### The problem
Restate the last part of the records below word for word, beginning at the line with "925 Sterling Silver" and ending at the final line.

### Extracted data
****************

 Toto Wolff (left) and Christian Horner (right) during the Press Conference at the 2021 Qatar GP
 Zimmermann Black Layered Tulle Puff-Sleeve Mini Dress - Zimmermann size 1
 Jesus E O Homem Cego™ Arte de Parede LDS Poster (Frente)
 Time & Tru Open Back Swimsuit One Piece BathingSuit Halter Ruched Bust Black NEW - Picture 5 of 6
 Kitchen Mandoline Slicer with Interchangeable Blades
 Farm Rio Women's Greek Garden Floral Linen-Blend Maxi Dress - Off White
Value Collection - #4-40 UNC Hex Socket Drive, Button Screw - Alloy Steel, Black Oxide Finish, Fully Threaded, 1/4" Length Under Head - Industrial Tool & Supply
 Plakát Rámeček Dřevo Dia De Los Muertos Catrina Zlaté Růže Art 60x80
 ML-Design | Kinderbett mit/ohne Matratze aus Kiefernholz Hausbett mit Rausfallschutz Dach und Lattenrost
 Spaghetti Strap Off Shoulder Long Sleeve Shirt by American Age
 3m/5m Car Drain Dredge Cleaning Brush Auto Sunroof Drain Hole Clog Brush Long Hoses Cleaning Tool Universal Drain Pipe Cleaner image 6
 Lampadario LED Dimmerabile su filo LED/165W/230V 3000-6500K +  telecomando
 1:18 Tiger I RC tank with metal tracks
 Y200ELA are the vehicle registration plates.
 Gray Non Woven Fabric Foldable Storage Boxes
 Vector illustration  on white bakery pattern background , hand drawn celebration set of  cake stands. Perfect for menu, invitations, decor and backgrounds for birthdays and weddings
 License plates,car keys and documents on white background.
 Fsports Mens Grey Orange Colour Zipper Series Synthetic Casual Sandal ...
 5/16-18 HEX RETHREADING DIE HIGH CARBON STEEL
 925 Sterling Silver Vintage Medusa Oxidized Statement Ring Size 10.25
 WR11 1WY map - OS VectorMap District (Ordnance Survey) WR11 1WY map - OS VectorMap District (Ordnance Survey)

****************

### Output
 925 Sterling Silver Vintage Medusa Oxidized Statement Ring Size 10.25
 WR11 1WY map - OS VectorMap District (Ordnance Survey) WR11 1WY map - OS VectorMap District (Ordnance Survey)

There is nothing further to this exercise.